Colorado State University statistics professor Andee Kaplan published a paper in CHANCE Magazine analyzing how much the Tomoa Skip lowered speed climbing times at the competitive level.
As a rock climber of 14 years, Kaplan said her inspiration for the study began with the announcement that the sport would be included in the 2020 Olympics.
Rock climbing is divided into three disciplines: boulder, lead and speed. Rather than participating in a single discipline, World Climbing, formerly known as the International Federation of Sport Climbing, chose to have athletes compete in all three for a single sport climbing medal during the Tokyo Olympics. While the skills required to boulder and lead climb are fairly similar, speed climbing differs because climbers use the same wall for every competition.
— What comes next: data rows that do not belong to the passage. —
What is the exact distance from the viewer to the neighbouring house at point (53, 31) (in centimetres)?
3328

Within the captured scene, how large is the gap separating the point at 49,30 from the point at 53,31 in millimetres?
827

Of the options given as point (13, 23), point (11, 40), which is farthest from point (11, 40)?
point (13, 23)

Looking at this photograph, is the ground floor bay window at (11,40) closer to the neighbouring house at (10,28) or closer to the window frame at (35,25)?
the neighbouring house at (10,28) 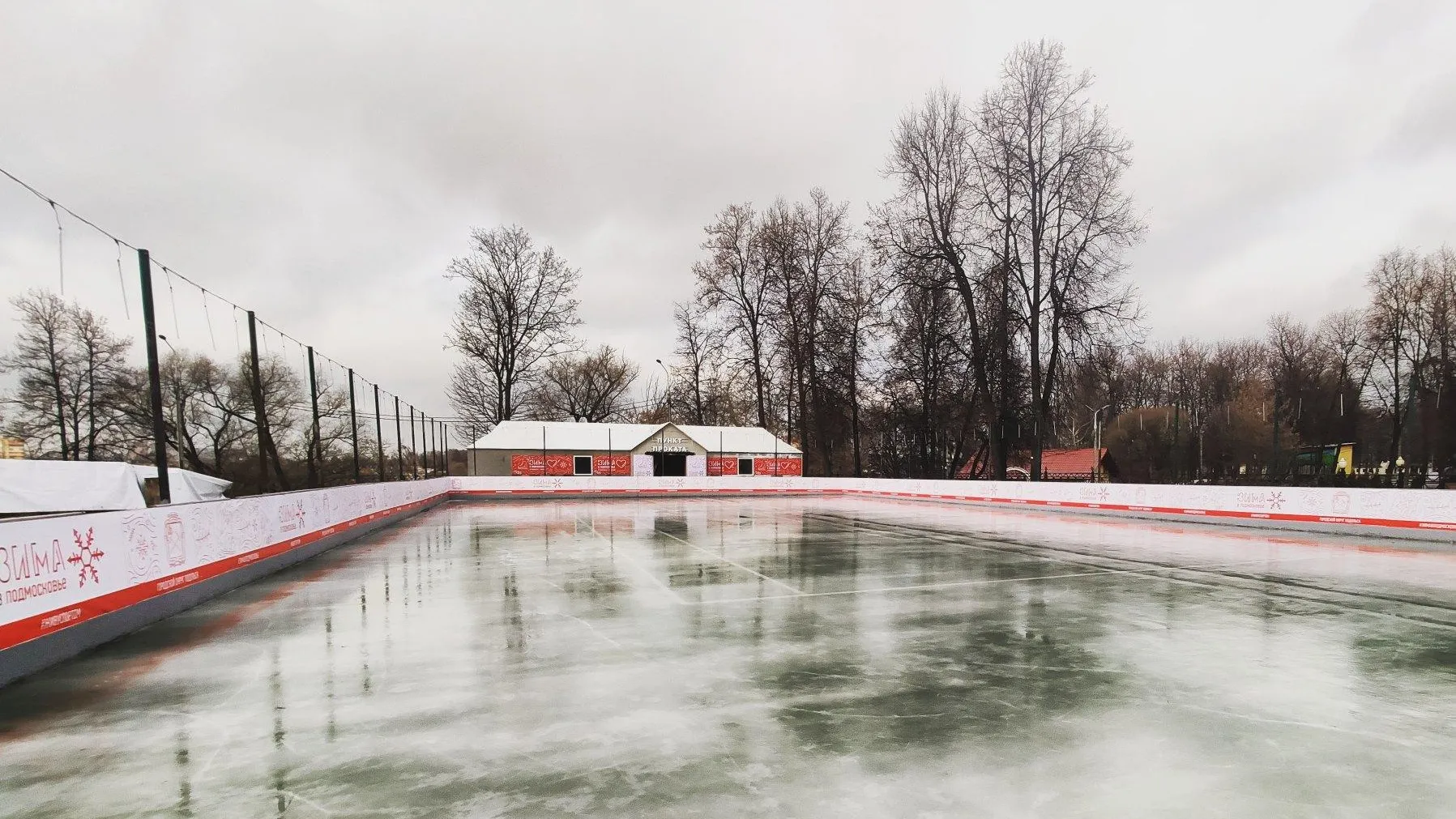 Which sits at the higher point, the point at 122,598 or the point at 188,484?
the point at 188,484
“Athletes will perfect their particular way that they like to go up the speed wall, and they will work to execute it to perfection,” Kaplan said.
This means the sport revolves around choosing a route, known as a beta, and practicing it to be as fast as possible.
Kaplan explained that because many boulderers and lead climbers had to compete in speed climbing, many didn’t have a preferred beta ahead of the Olympics, which led climbers to experiment new ways to ascend the wall.
One of these climbers, a boulderer named Tomoa Narasaki, utilized techniques from his background in bouldering to climb the wall in a way that would change speed climbing forever.
“He’s a very powerful boulderer,” Kaplan said. “He came up with a new way to go up the speed wall, which skips a particular hold in a particular way. … The way it’s skipped is called a step-up dyno.”
A step-up dyno is a dynamic motion in which a climber places their foot on the hold their hand was previously on and jumps vertically to another hold.
“What that did was it allowed him to be more direct,” Kaplan said. “You know, the closest distance between two points is a straight line. He is making the line up the wall straighter.”
In the months that followed, many climbers adopted what was dubbed the Tomoa Skip, and at the same time, world records were broken several times in both men and women’s speed climbing. This made Kaplan wonder if the record-breaking times were a result of the Tomoa Skip or simply a coincidence.
“It literally looks like they’re running vertically. It’s incredible.”-Andee Kaplan, statistics associate professor
“I was like, ‘I wonder, is this actually the skip?’” Kaplan said. “‘Or did I just happen to start watching it at this very exciting time in which records are falling?’ and so I wanted to answer that question.”

Doing so proved challenging. While all of the times and competitions are available online, who performed the skip wasn’t tracked, meaning that data would have to be collected by watching all the competitions since the skip was introduced and manually recording who used the movement.
To accommodate this workload, Kaplan hired Caleb Chou, the paper’s co-author, to serve as an undergraduate researcher.
“He came in and just completely blew it out of the water,” Kaplan said.
While she expected the data collection take two to three months, Chou finished recording data within two weeks. Also an avid climber, Chou said the study gave him an opportunity to explore his interest while learning about statistics.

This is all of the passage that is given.